You'll often want to start a new branch for development, make your changes there, and then merge these changes into your main branch. It's a good convention to think of your master branch as the "production branch," typically by keeping that branch clean of your local edits until they are ready for release. Developers typically use the master branch of their local fork to track other developers' changes in the remote repository until their own local development branch changes are ready for production.
Step 1 : Make a new branch, edit the readme file in that branch, and commit your changes.
$ git branch development
$ git checkout development
Switched to branch 'development'
$ nano index.md &
<edit the readme file and exit nano>
$ git commit -am "Changed the Readme message to ... "
Step 2 : Mirror the remote upstream repository in your master branch by pulling down my changes
$ git checkout master
Switched to branch 'master'
$ git fetch upstream
$ git merge upstream/master
Updating 43844ea..3b36a87
Fast-forward
index.md | 2 +-
1 files changed, 1 insertions(+), 1 deletions(-)

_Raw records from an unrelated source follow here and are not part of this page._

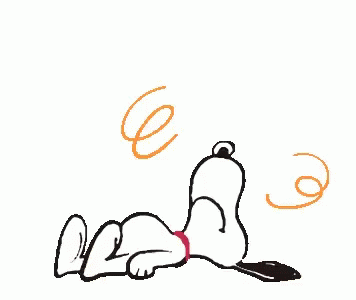 Snoopy Faint GIF - Snoopy Faint Pass Out GIFs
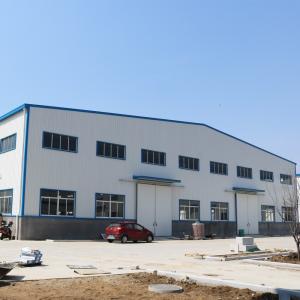 35m Clear Span Steel Structural Construction Prefabricated Light Weight Building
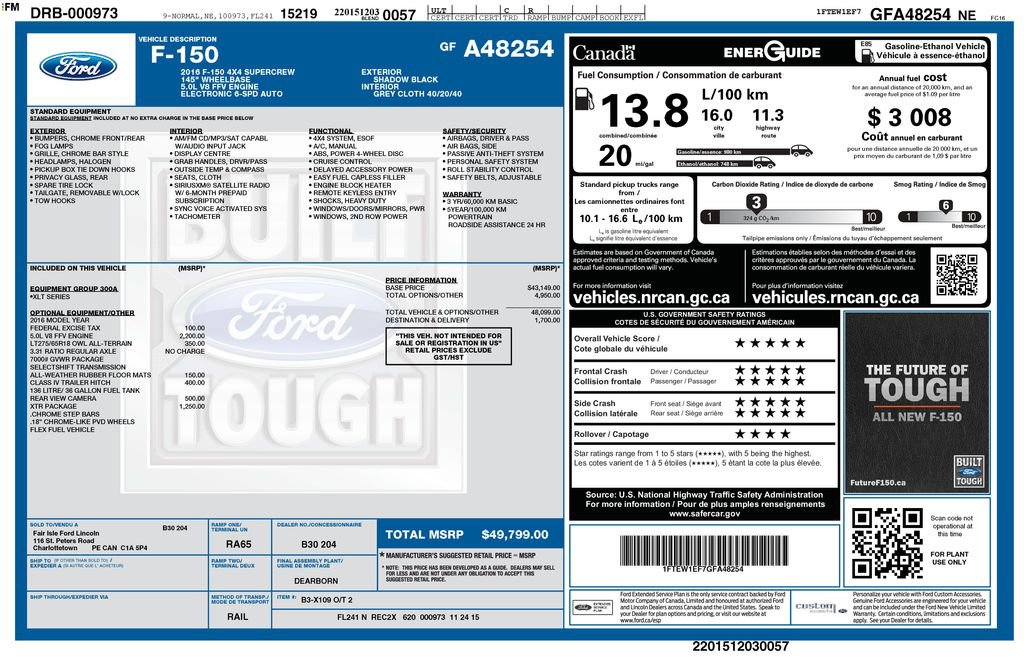 Used 2016 Ford F150 XLT w/ XTR Package AWD/4WD image 42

Step 3 : You want to push it to the internet eventually, so you pull updates from the upstream repository, but will experience a conflict.
$ git merge development
Auto-merging index.md
CONFLICT (content): Merge conflict in index.md
Automatic merge failed; fix conflicts and then commit the result.
Now what?
Git has paused the merge. You can see this with the git status command.
# On branch master
# Unmerged paths:
# (use "git add/rm <file>..." as appropriate to mark resolution)
#
# unmerged: index.md
#
no changes added to commit (use "git add" and/or "git commit -a")

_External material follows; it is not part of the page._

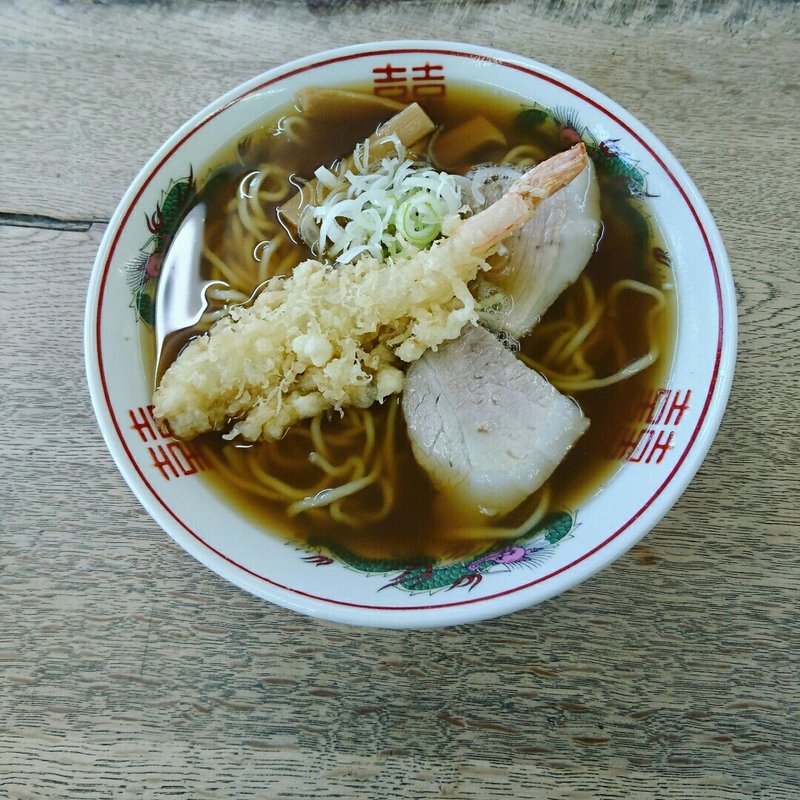 えび天ラーメン(原食堂)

The only thing that has changed is the index.md file. Opening it, you'll see something like this at the beginning of the file.
=====================
<<<<<<< HEAD
Vanakkam
=======
Willkommen
>>>>>>> development
=====================
The intent is for you to edit the file and determine how to combine the variants from the two branches before committing the result. Decisions like this must be made by a human. Differences that can be automatically merged usually are, so humans are involved only when different edits touch the same piece of the repository.
Vanakkam and Willkommen
This results in a status To alert git that you have made appropriate alterations,
$ git add index.md
$ git commit
Merge branch 'development'
Conflicts:
index.md
#
# It looks like you may be committing a MERGE.
# If this is not correct, please remove the file
# .git/MERGE_HEAD
# and try again.
#
$ git push origin master
Counting objects: 10, done.
Delta compression using up to 2 threads.
Compressing objects: 100% (6/6), done.
Writing objects: 100% (6/6), 762 bytes, done.
Total 6 (delta 2), reused 0 (delta 0)
To git@github.com:YOU/2014-03-18-git-fundamentals.git
Now that lots of us created files and put in pull requests, we begin to suspect that the upstream repository might have new content and we are out of date. Try
$ git pull upstream master
to fetch, merge, and commit the changes from upstream repository-- including other people's changes that have been added to upstream. In this way we can all get updates of what the rest of us are working on.
But now our forks -- on github -- are out of date. We can push to update those
$ git push origin master
And all is synchronized.
Gitolite is a way for you to host your own multi-user git repositories. I'm not going to go into details here, but all you need is a machine with some drive space and network access. You can install minimal ubuntu, then sudo apt-get install gitolite will pull in everything you need. At that point, your collaborators will only need to send you their public ssh keys for you to configure pull and push access to the repos.